O que me fez escrever esta entrada foi o último artigo de Paulo Trigo Pereira no Público ― e que tem a ver com um comentário aí em baixo de Luís Lavoura, que considera que é um facto que a dívida é impagável. Escreve Trigo Pereira:
Aquilo que achei mais interessante no debate sobre a reestruturação da dívida e o manifesto dos 74 (que subscrevi e contribui) é o argumento de que com algum crescimento económico, com excedentes primários (saldo orçamental excluindo os juros) permanentes durante décadas e com juros da dívida não muito elevados, a dívida pública é sustentável. Com estas hipóteses, claro que é
Ou seja, para Paulo Trigo Pereira é óbvio que basta algum crescimento económico, conjugado com a necessidade de termos excedentes primários ― que o próprio também defende, independentemente da reestruturação ou não ― para que a dívida pública seja sustentável. Isto é, basicamente, o que defendi em artigo publicado no mesmo jornal. Mas então, qual a necessidade da reestruturação? De novo, passo a palavra a Trigo Pereira:
Porém, quem assim argumenta trata os próximos quatro anos, os anos ainda difíceis, como uma “caixa negra”, isto é, não explica como se faz a transição no período 2014-2018. Tendo em conta que 2013 terá registado ainda um défice primário na ordem dos 0,5% do PIB, urge explicar como é que se vai chegar a um excedente de 4% em 2017.
Ou seja, o problema não é o facto de termos de ter excedentes primários por 2 ou 3 décadas ― o que aliás só é bom ― mas sim a transição dos actuais défices para algum excedente. Muito bem, aqui estamos a recentrar a discussão em termos racionais. Era bom que se entendesse que manter excedentes por duas décadas é algo completamente diferente de manter a austeridade por duas décadas. A manutenção de um excedente tem exactamente os mesmos efeitos recessivos que tem a manutenção de um défice, ou seja, nenhuns. O que custa é a transição, ou seja passar de um défice crónico para um excedente crónico.

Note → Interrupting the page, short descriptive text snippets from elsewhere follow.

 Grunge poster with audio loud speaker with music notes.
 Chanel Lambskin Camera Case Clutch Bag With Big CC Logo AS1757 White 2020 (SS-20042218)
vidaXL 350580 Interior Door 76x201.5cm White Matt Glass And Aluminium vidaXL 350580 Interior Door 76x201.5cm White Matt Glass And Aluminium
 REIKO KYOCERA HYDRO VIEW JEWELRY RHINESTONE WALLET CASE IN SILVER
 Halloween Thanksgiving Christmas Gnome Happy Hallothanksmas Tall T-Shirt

Paulo Trigo Pereira põe a questão como deve ser posta. A conversa de 2035 não é para ser levada a sério. O que conta são os próximos anos e é isto que os Manifestantes devem explicar. Quais as consequências para os próximos 3 a 4 anos de reestruturar a dívida, incluindo a dívida detida pelo sector privado? O que aconteceria se como sequência disso Portugal visse o seu acesso aos mercados altamente dificultado (leia-se, se a taxa de juro disparasse)? O que aconteceria se os bancos portugueses que detêm títulos de dívida pública vissem esses títulos a desvalorizar? O que aconteceria se o Banco Central Europeu deixasse de aceitar os títulos de dívida pública portuguesa como colateral? Quais as consequências de uma crise bancária? Têm assim tanta certeza de que os custos são menores do que procurar chegar a excedentes orçamentais? Não há riscos?

Tal como Trigo Pereira, não tenho dúvidas de que chegar a excedentes orçamentais tem custos. Custos económicos e sociais. Por isso, nos últimos anos, sempre que escrevi para os jornais foi a discutir alternativas para fazer essa transição até 2020 da forma mais suave possível. Esse é, na minha opinião, o principal contributo que a esquerda portuguesa devia dar para o actual debate económico.

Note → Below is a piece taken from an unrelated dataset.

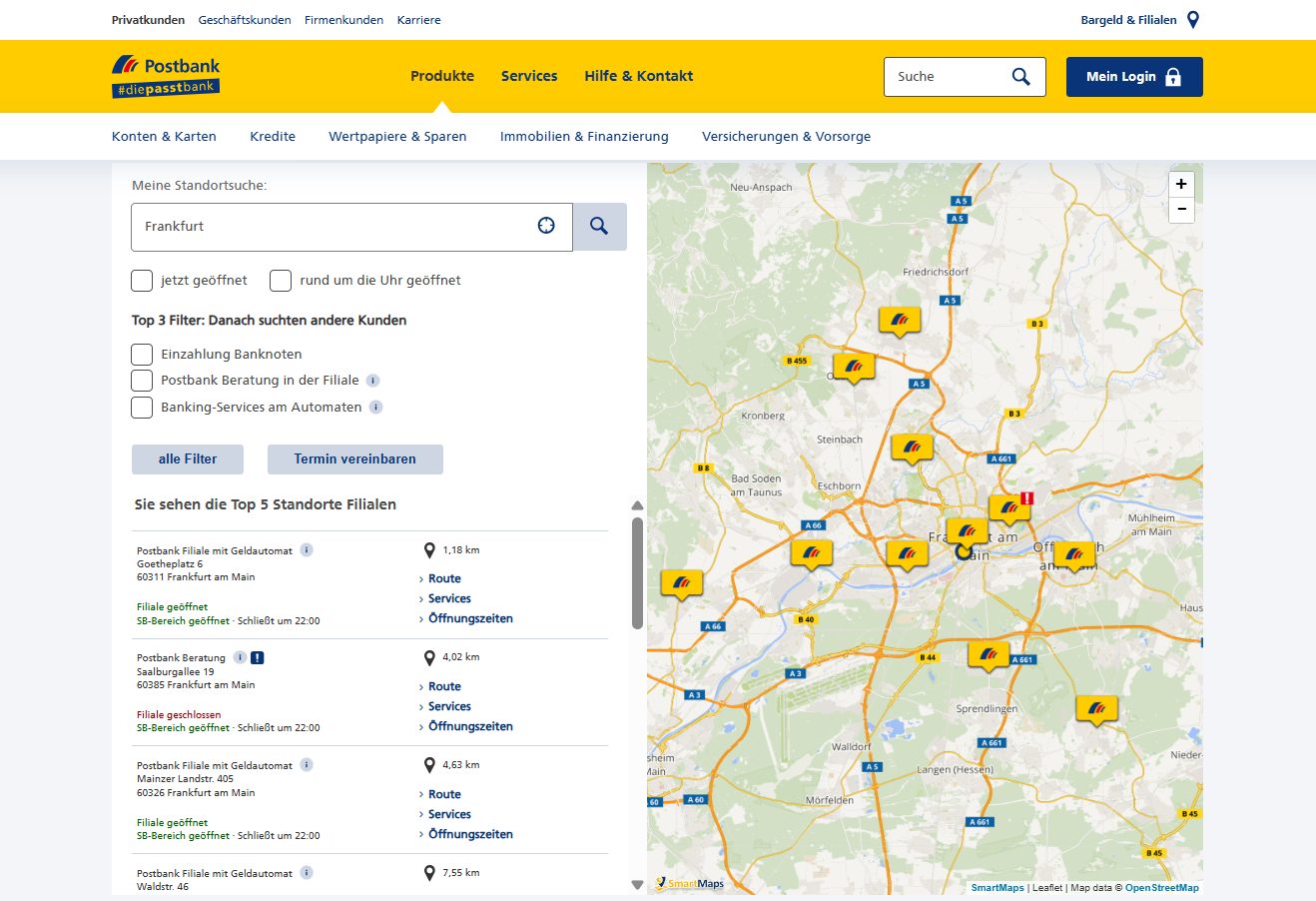 Bildschirmansicht einer SmartMaps Filialsuche der Postbank im Kartenausschnitt von Frankfurt und Ergebnisliste der gefundenen Standorte.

terça-feira, 1 de abril de 2014

Eles sabem o que assinaram? (II)

Outro aspecto muito interessante da não-resposta de Pedro Lains é que indicia que muitos dos que assinaram o Manifesto não o leram ou não o perceberam. Por que digo isto? Muito simples. A resposta à pergunta sobre se o Manifesto defende a reestruturação da dívida não troikana só pode ser uma e é sim. No Manifesto, esta ideia está destacada a bold e serve de título a uma subsecção. Passo a citar:


Ou seja, é para reestruturar, pelo menos, a divida acima de 60% do PIB. Dado que a dívida acima dos 60% do PIB é superior à divida à troika então, obrigatoriamente, o Manifesto pede que se reestruture dívida para além da que é detida pela troika. Não percebo muito bem como é possível ser mais claro do que isto. Que quem subscreve o manifesto não assuma isto mostra que, entretanto, percebeu o disparate do que exige ou então que não compreendeu o que assinou.

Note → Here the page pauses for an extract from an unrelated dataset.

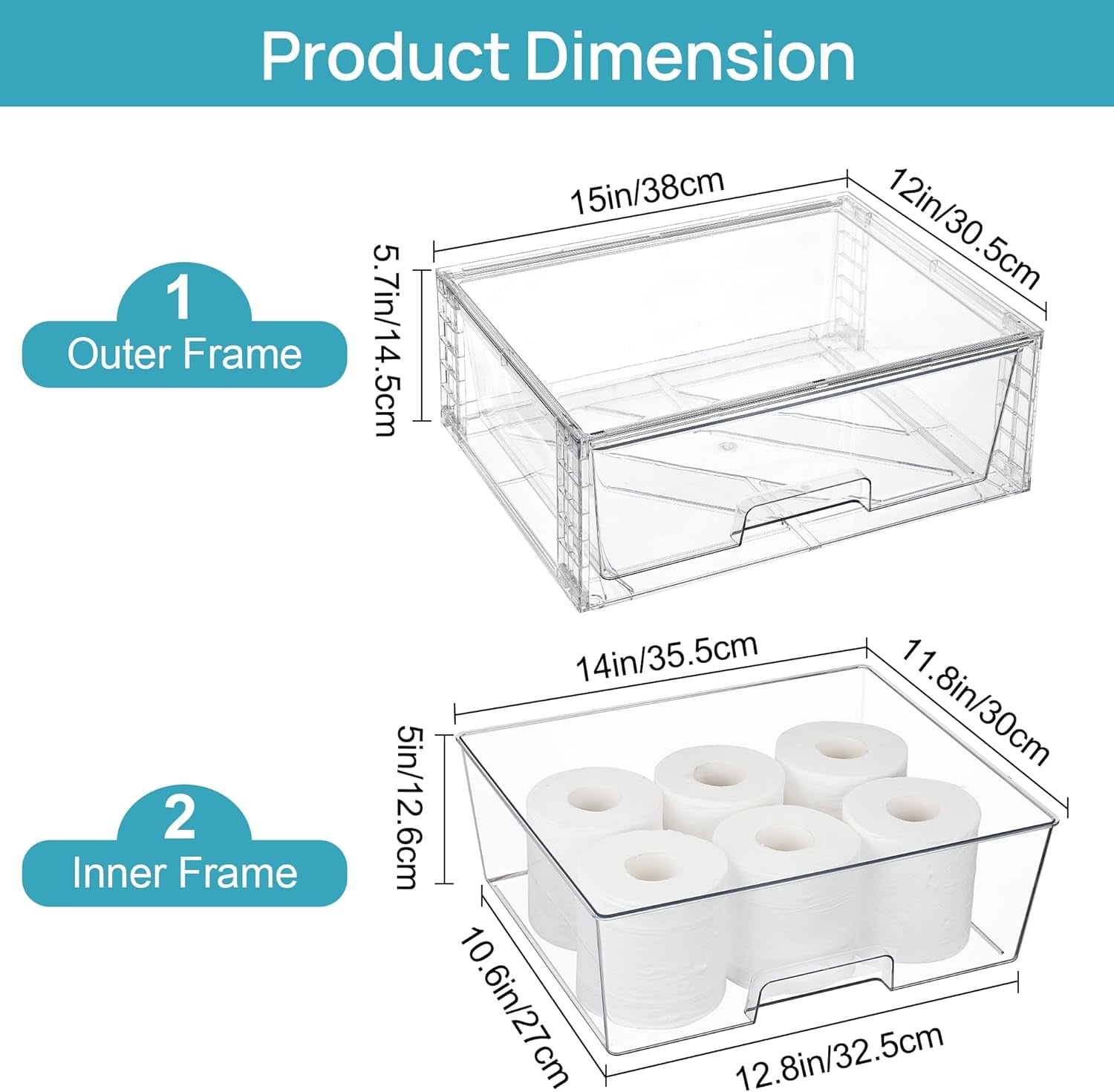 2 Pack Large Stackable Storage Drawers,Easily Assemble Clear Acrylic Bathroom Closet Undersink Organizers,Plastic Storage Bins for Cabinet,Kitchen Pantry,Medicine Organization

Perante estes e outros argumentos os subscritores preferem fazer de conta que todas as críticas ao manifesto apenas se centram em ataques ad hominem. Tal é, obviamente, mentira. Sendo certo que houve vários ataques aos mensageiros, também é verdade que houve muitas críticas que apenas se centraram na mensagem (e no seu timing). E esses não mereceram qualquer resposta, com excepção, que eu tenha dado conta, de um pequeníssimo apontamento de Paulo Trigo Pereira num artigo do Público. Voltarei a isso numa próxima entrada.

Eles sabem o que assinaram?

Escreve Pedro Lains, “Um dos argumentos de quem é "contra" a reestruturação da dívida portuguesa (as aspas é porque ninguém é mesmo contra) é que ela já foi feita há uns tempos, quando os empréstimos da troika passaram dos 5 para os 3%, em média, e os prazos foram alargados em sete anos.”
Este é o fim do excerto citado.